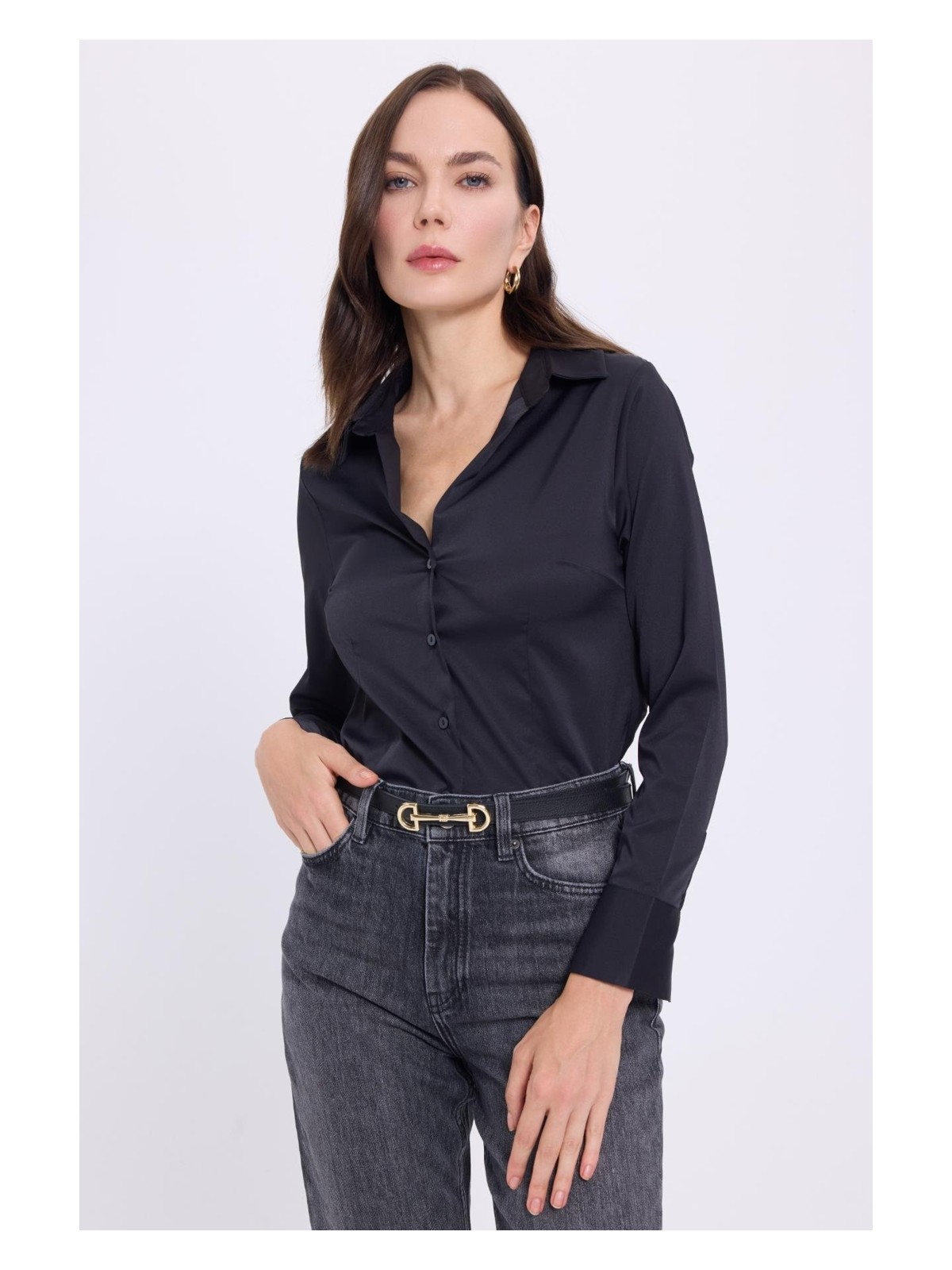 Tudors Kadın Slim Fit Dar Kesim Klasik Yaka Uzun Kollu Siyah Gömlek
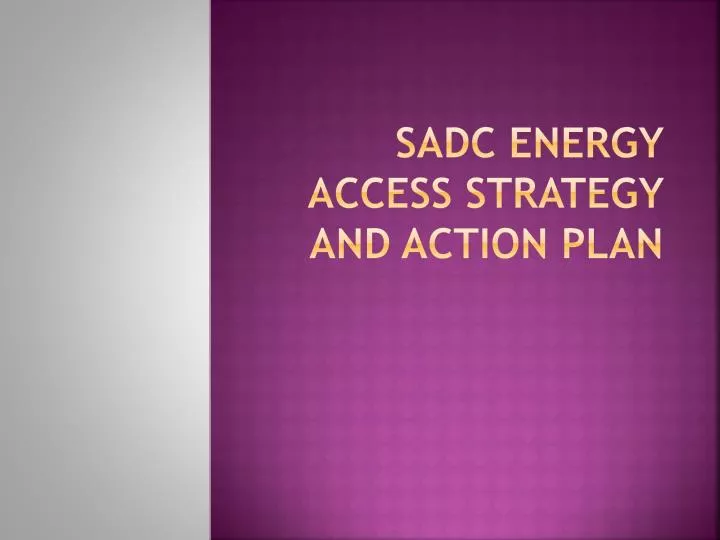 sadc energy access strategy and action plan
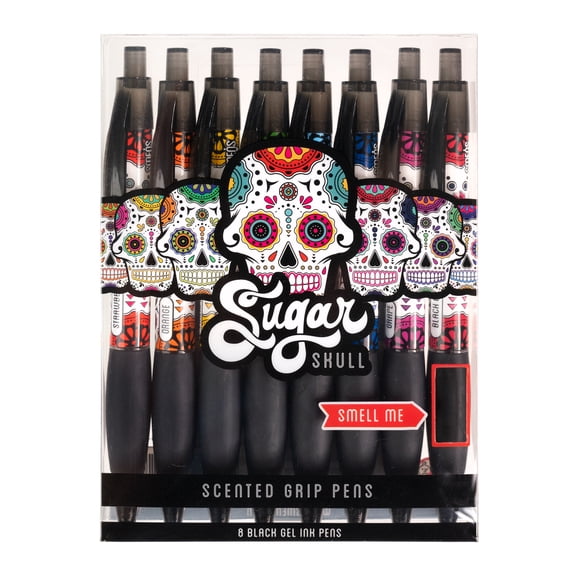 Sugar Skull Smens - Scented Pens, Black Ink, Medium Point - 8 Count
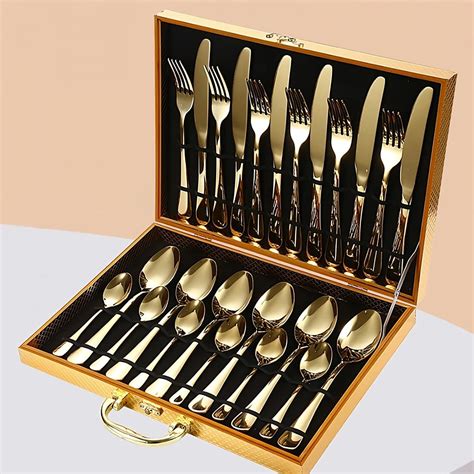 BonZeaL Gift Hamper 24 Pcs Mirror Finish Stainless Steel Flatware ...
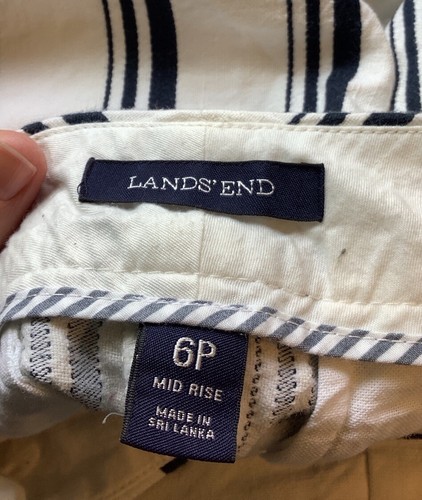 Lands End Cotton/Linen Shorts Womens 6P White Blue Stripe Casual Coastal Beach - Picture 5 of 7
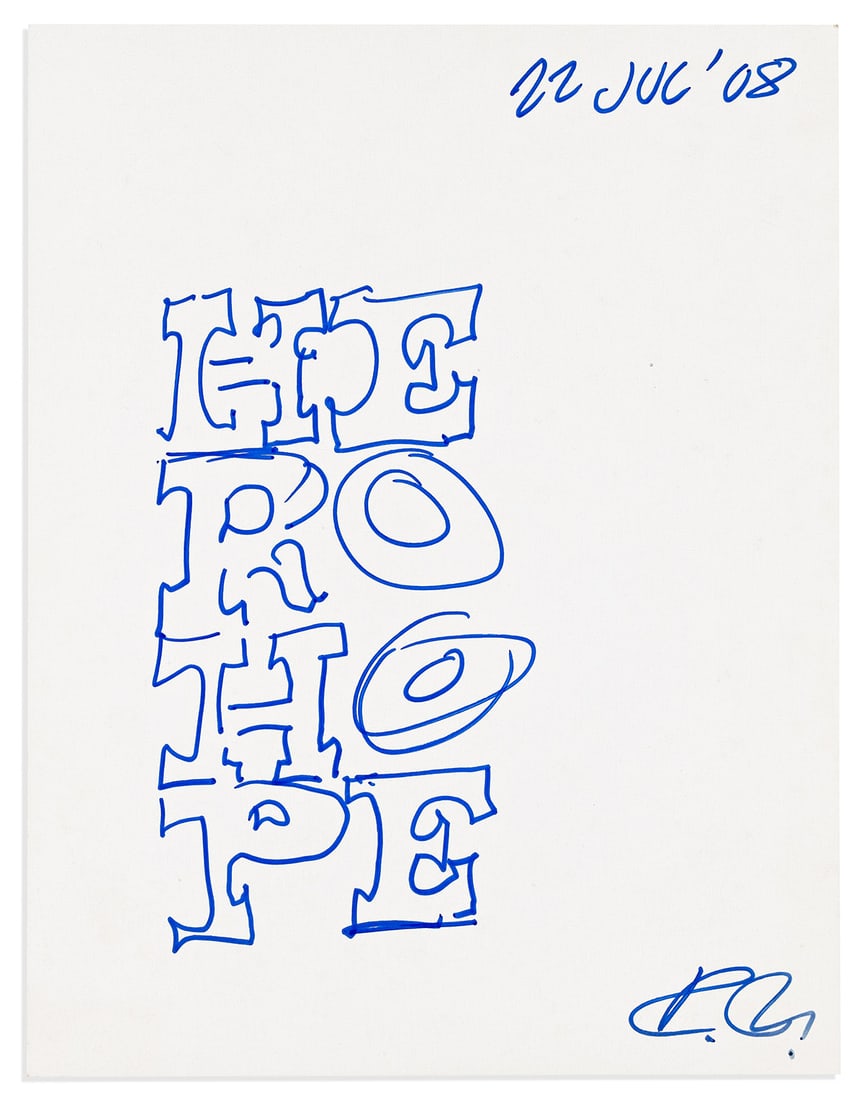 INDIANA, ROBERT. Ink drawing Signed, "RI," sketched design, showing two columns of letters (1 of 1)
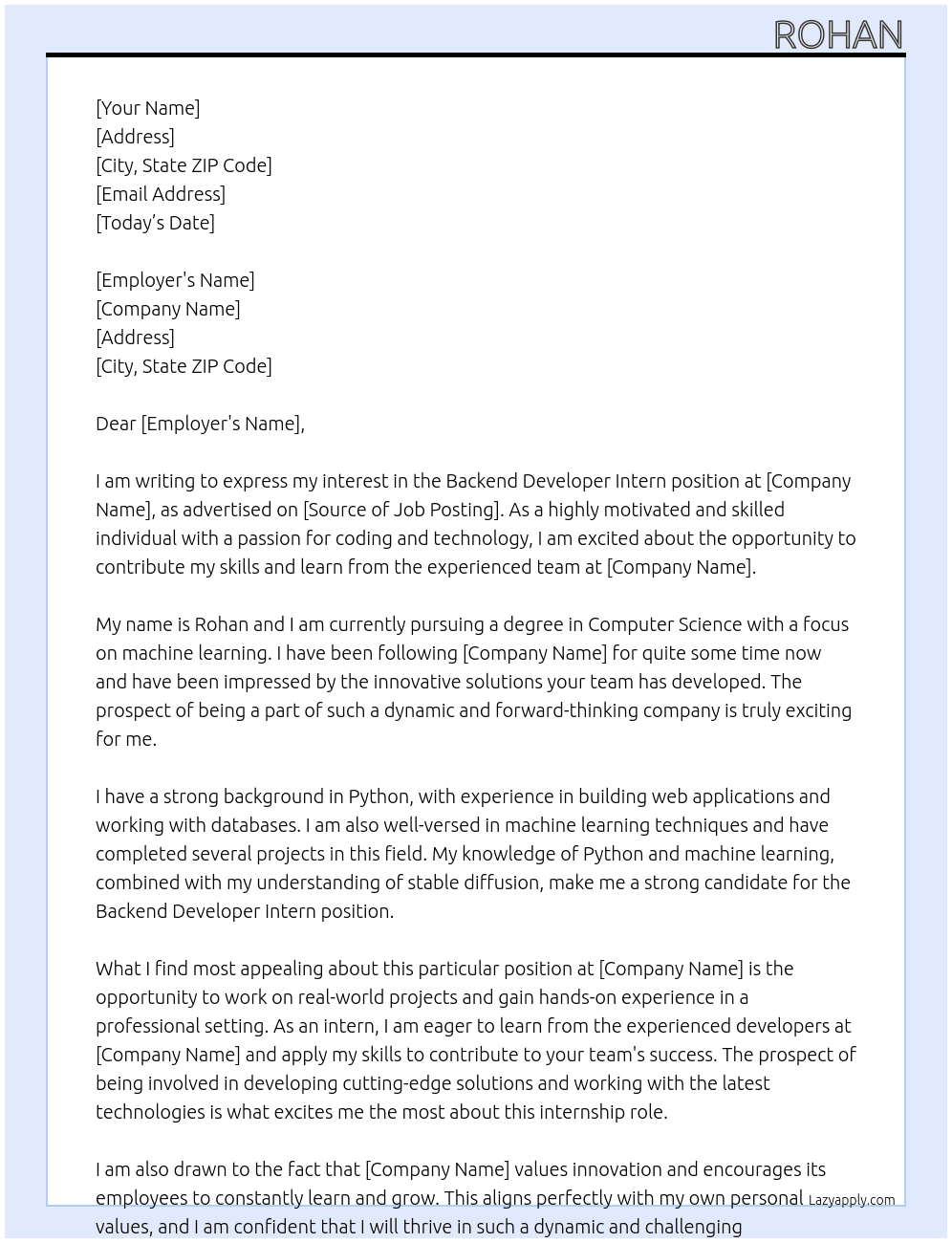 Backend Developer Intern At General Cover Letter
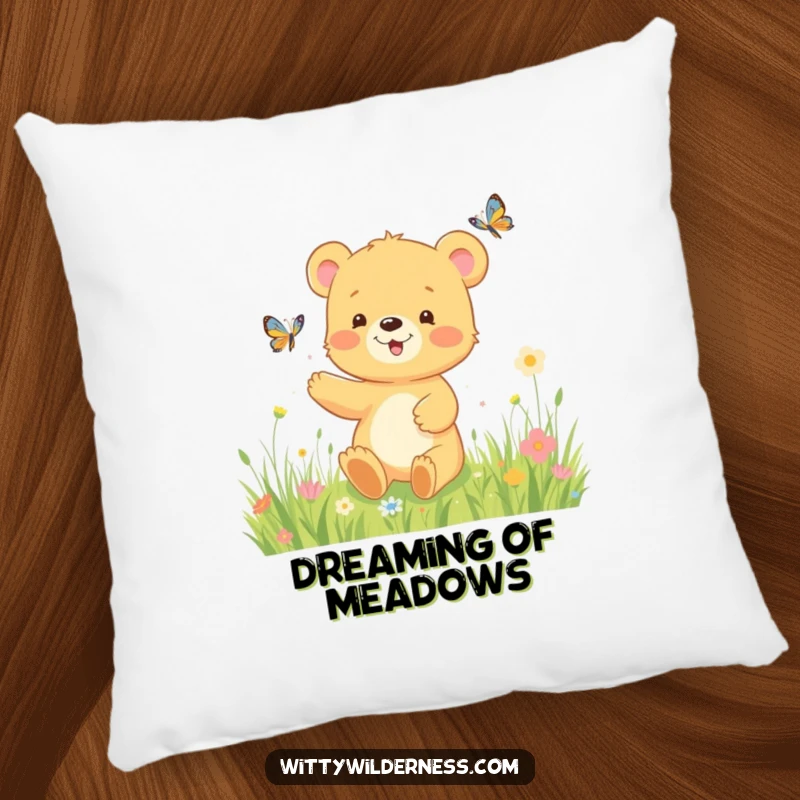 Funny pillow showing a happy bear cub joyfully chasing a butterfly in a colorful meadow, offering comfort and a touch of playful charm.
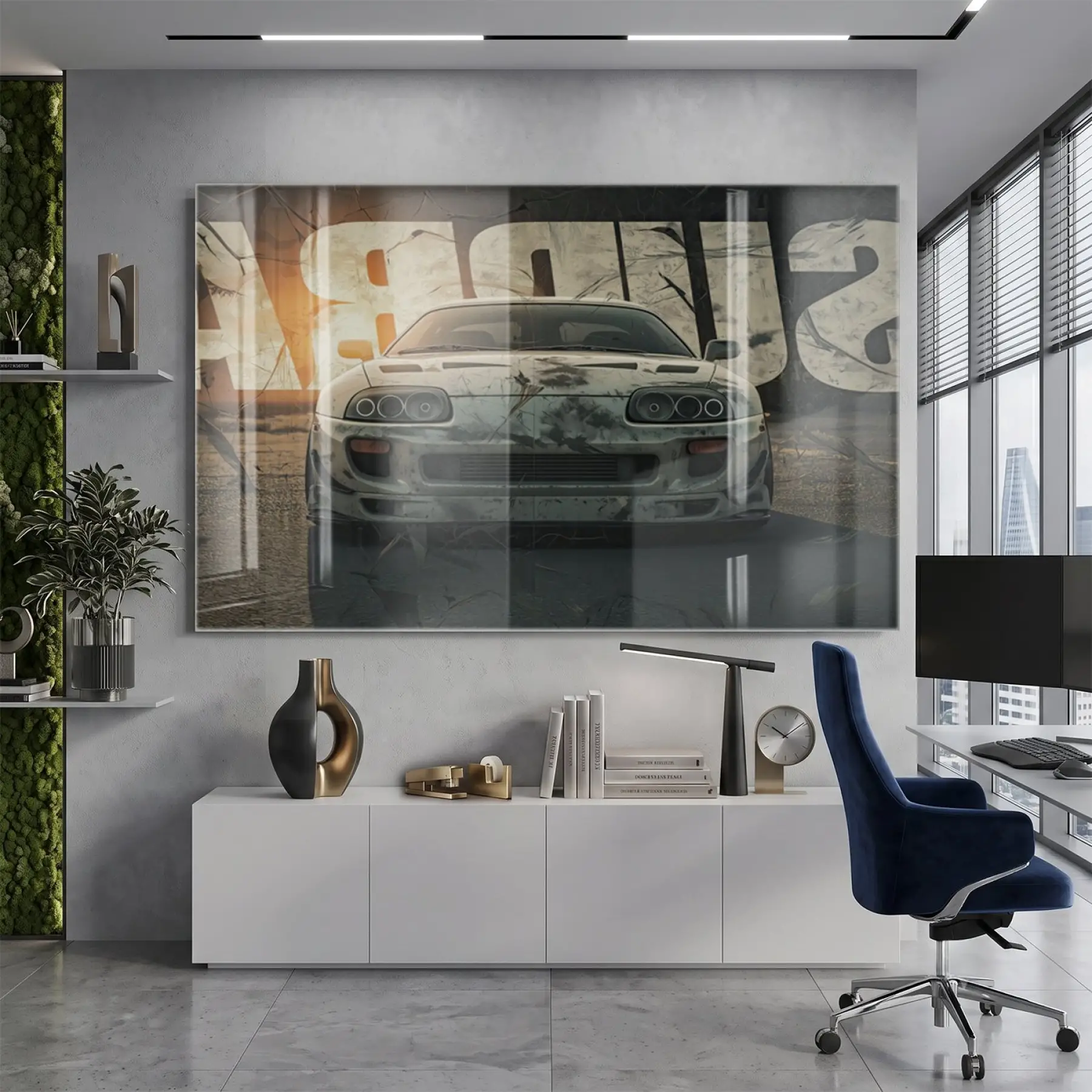Supra Araba Kentsel Gri Tonlar Tekli Cam Tablo Salon Oturma Odası Duvar Dekoru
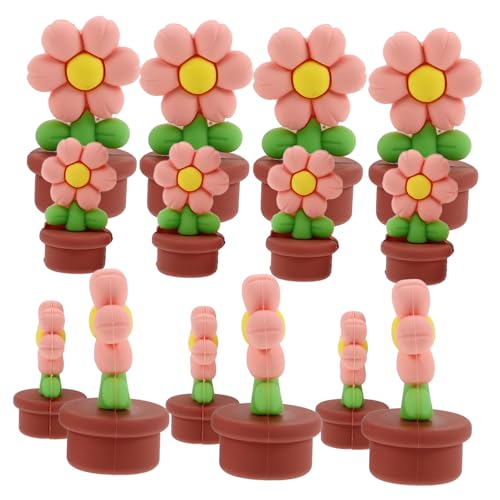 KOMBIUDA 20st Kleine Blumentopfpflanze Mini-Pflanzen Mikrohäuser Winzige Figuren Puppenhaus Mini-kunstblumen Puppenhaus Mini- Puppenhaus-blumentöpfe Mini-gartenpflanze Rosa von KOMBIUDA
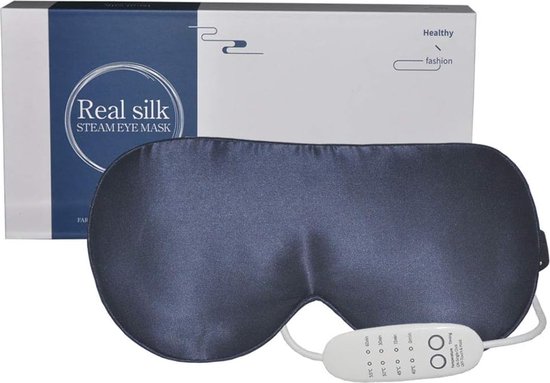 Verwarmd Oogmasker - 4 Standen - Marineblauw - Elektrisch Oogmasker - Oogmasker - Oogmasker Wallen - Slaapmasker - Droge Ogen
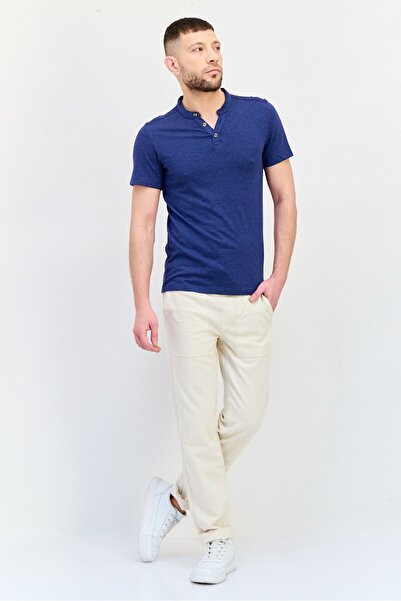 CELIO Men Regular Fit Textured Straight Leg Pants, Off White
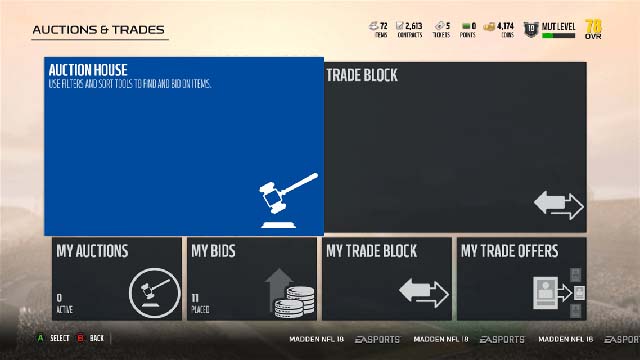Madden NFL 19 Auctions House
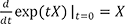 dexp(tX)/dt|t=0 = X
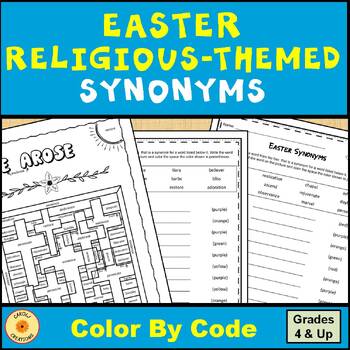 Preview of Easter Religious Themed Color By Code Synonyms Worksheet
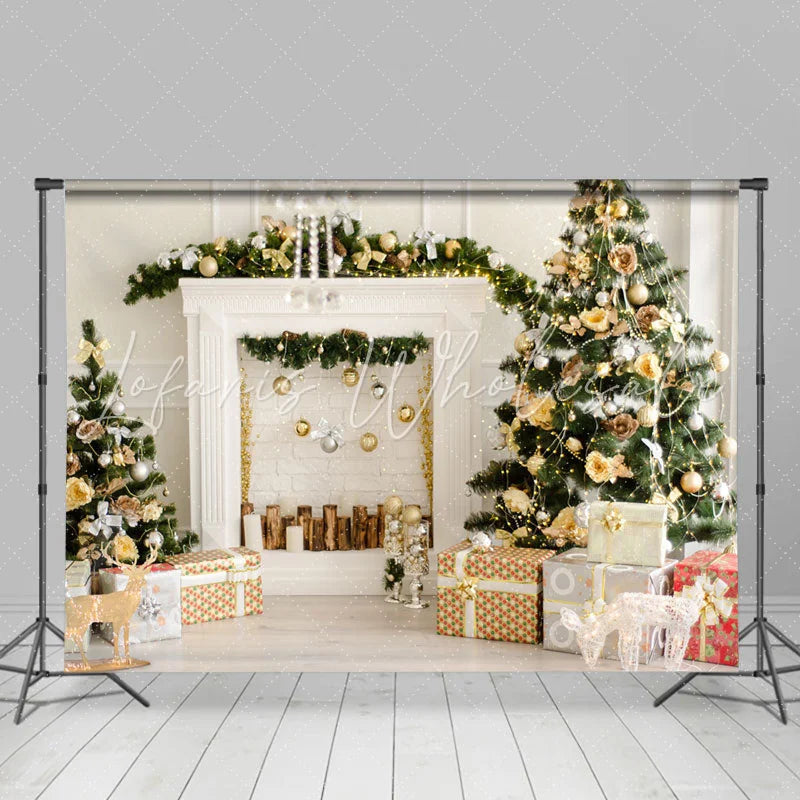Lofaris White Winter Kitchen House Christmas Holiday Backdrop
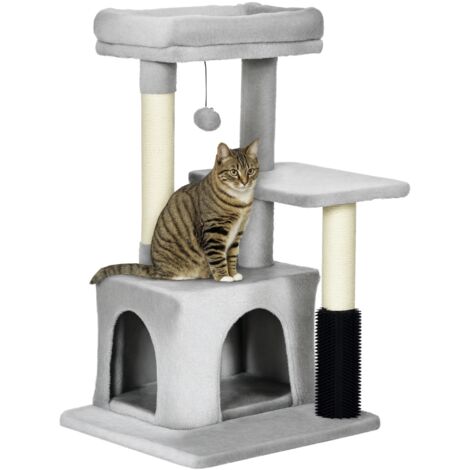 PawHut Cat Tree with Scratch Post Condo Perch for Indoor Cats, 85cm, Grey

## EXERCISE BRIEF
Looking above, find the stretch of lines that opens with the one holding "Backend Developer Intern" and closes with the one holding "Lofaris White Winter". Copy it exactly, pictures excluded.

## REPLY TO THE EXERCISE
 Backend Developer Intern At General Cover Letter
 Funny pillow showing a happy bear cub joyfully chasing a butterfly in a colorful meadow, offering comfort and a touch of playful charm.
Supra Araba Kentsel Gri Tonlar Tekli Cam Tablo Salon Oturma Odası Duvar Dekoru
 KOMBIUDA 20st Kleine Blumentopfpflanze Mini-Pflanzen Mikrohäuser Winzige Figuren Puppenhaus Mini-kunstblumen Puppenhaus Mini- Puppenhaus-blumentöpfe Mini-gartenpflanze Rosa von KOMBIUDA
 Verwarmd Oogmasker - 4 Standen - Marineblauw - Elektrisch Oogmasker - Oogmasker - Oogmasker Wallen - Slaapmasker - Droge Ogen
 CELIO Men Regular Fit Textured Straight Leg Pants, Off White
Madden NFL 19 Auctions House
 dexp(tX)/dt|t=0 = X
 Preview of Easter Religious Themed Color By Code Synonyms Worksheet
Lofaris White Winter Kitchen House Christmas Holiday Backdrop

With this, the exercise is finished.